### TRY IT
Write the entries out exactly. Any images they hold stay out of the copy.

:::

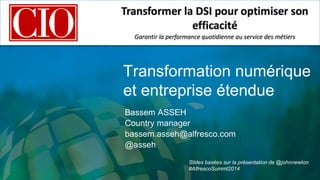 Transformation numérique 
et entreprise étendue 
Bassem ASSEH 
Country manager 
bassem.asseh@alfresco.com 
@asseh 
Slides basées sur la présentation de @johnnewton 
#AlfrescoSummt2014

:::

### RESPONSE BELOW
 Transformation numérique 
et entreprise étendue 
Bassem ASSEH 
Country manager 
bassem.asseh@alfresco.com 
@asseh 
Slides basées sur la présentation de @johnnewton 
#AlfrescoSummt2014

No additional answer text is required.